Исполненная хищной красоты ноябрьская осень весело отливала свинцово-синей прозрачностью чистого неба.
С инфернальной настойчивостью солнце делилось последним теплом и по утрам пар поднимался над жестяными кровлями, свиваясь в тонкие струйки.
С легкомысленной ветреностью шалил безобразник ветер. Он то бросал острые лезвия ледяных струй в лица прохожих, рискнувших прогуляться по улице, то запускал длинные шелковисто-холодные щупальца под одежду или нещадно бичевал бездомных псов, сгоняя их с нагретого места, или сдувал нахохлившихся воробьёв с веток, застывших в ожидании чего-то морозно-зимне-предсказуемого.
С ненавязчивой затейливостью осень меняла природные декорации: с небрежной щедростью избавлялась от летних и драпировала в изысканно-осенние на свой вкус.
Что-то ностальгически-тёплое напоминало позднее увядание.
Была ли то спонтанная вспышка и из памяти одно за другим поспешали-заскользили кадры из ушедшей бесповоротно молодости или ещё, более оправданное, выработанное за прожитые годы чувство циничного сожаления об упущенных возможностях и выгодах.

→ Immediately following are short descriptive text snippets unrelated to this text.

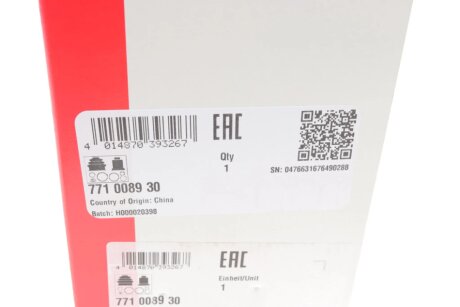 РШ шарнір (комплект) fag 771008930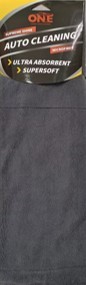 מגבת מיקרופייבר גדולה ומקצועית לרכב מבית ONE - גודל 60X100 ס''מ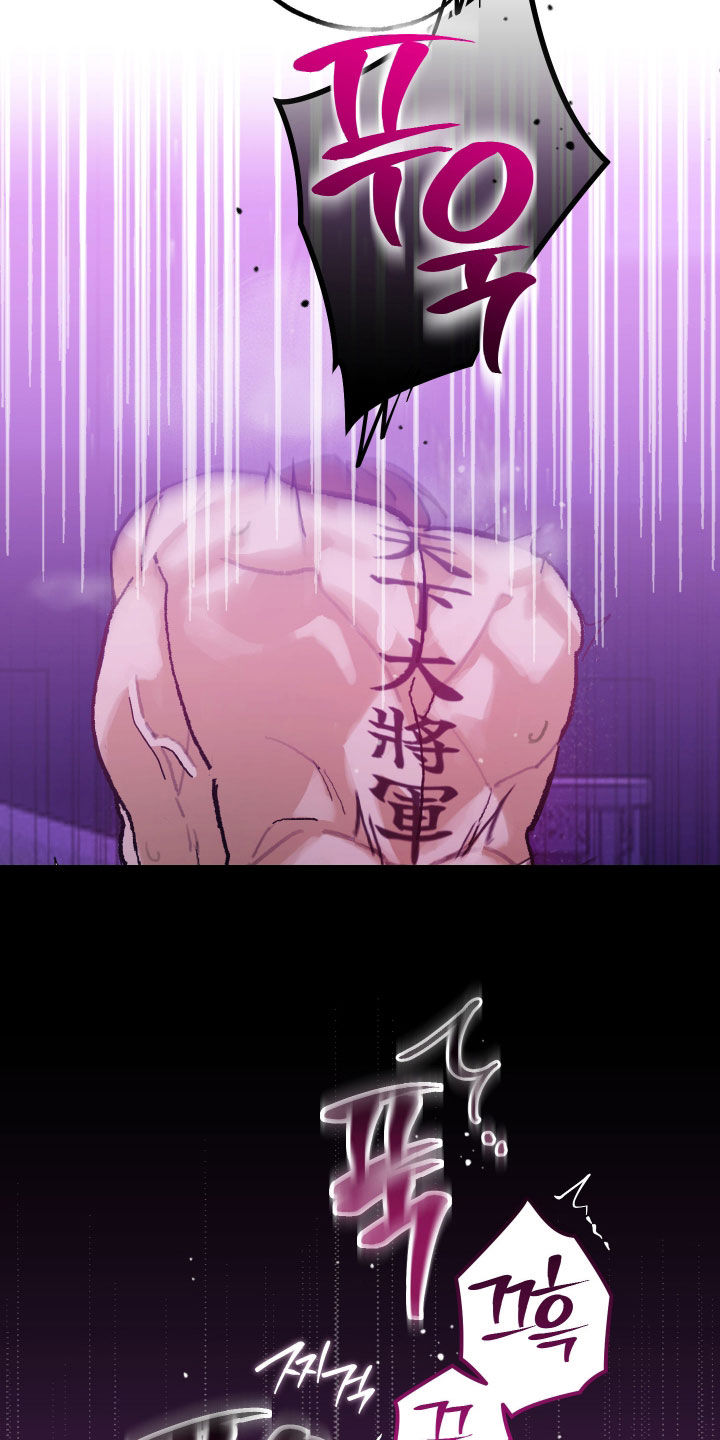 我的狐妖同事第五话漫画,第22章：有趣的理由4图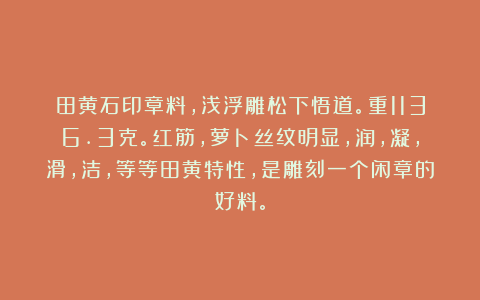 田黄石印章料，浅浮雕松下悟道。重1136.3克。红筋，萝卜丝纹明显，润，凝，滑，洁，等等田黄特性，是雕刻一个闲章的好料。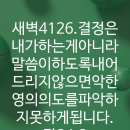 4시30분애시작하는하루.4126. 잠24:8 이미지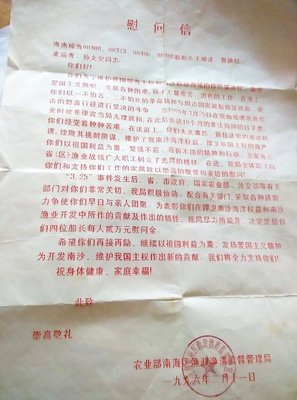 你静静带走一切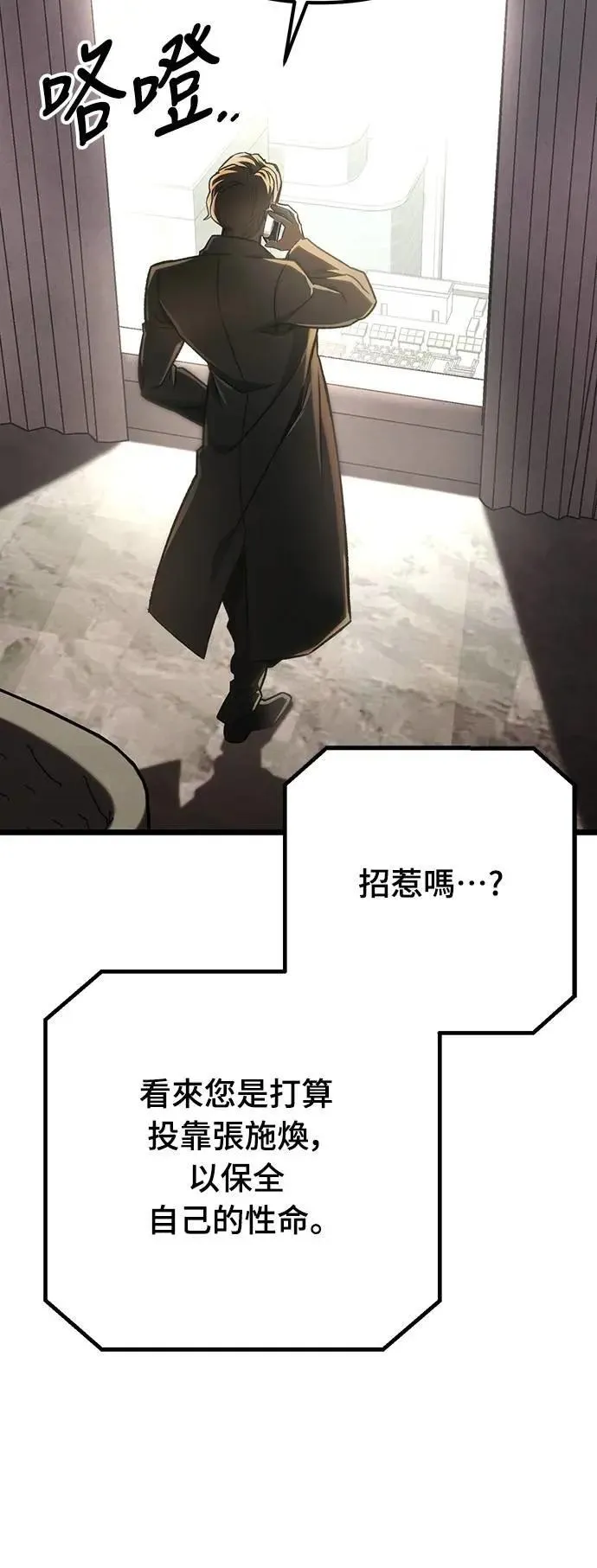 第64话7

Да и ладно, прошлое не вернуть. Умудриться бы будущее не проворонить.
Этими мыслями нагруженный по самую маковку, шёл Иван Семёныч по полупустым улицам города, как это было ровно год назад.
Суета и спешка, обычные в молодости, сменились возрастной умеренностью и рассудительностью.
Город пуст. Будни. До законного обеда далеко. Служащие и работники бутиков длинными цепочками очередей не атакуют заведения общепита, рассчитывая исключительно на толщину своего кошелька.
Посему, шлось Ивану Семёнычу легко, беззаботно, оставалось лишь смотреть по сторонам и с некоторой обиженностью осознавать: он не узнаёт категорически привычные места. Время летело вперёд с нарастающей скоростью и в этой гонке наперегонки менялась и жизнь вместе со всеми составляющими. То же происходило с городом: менялось лицо, ландшафт, местность преображалась, взамен старых ветхих построек величественно возносились к небу длинные стеллы стеклянных многоэтажек, лишённых архитектурной красоты, украшений, законченности зданий, всего того, что присуще старинным зданиям, современные коробки не блистали этим, а лишь уныло смотрелись, острыми гранями раня взоры жителей.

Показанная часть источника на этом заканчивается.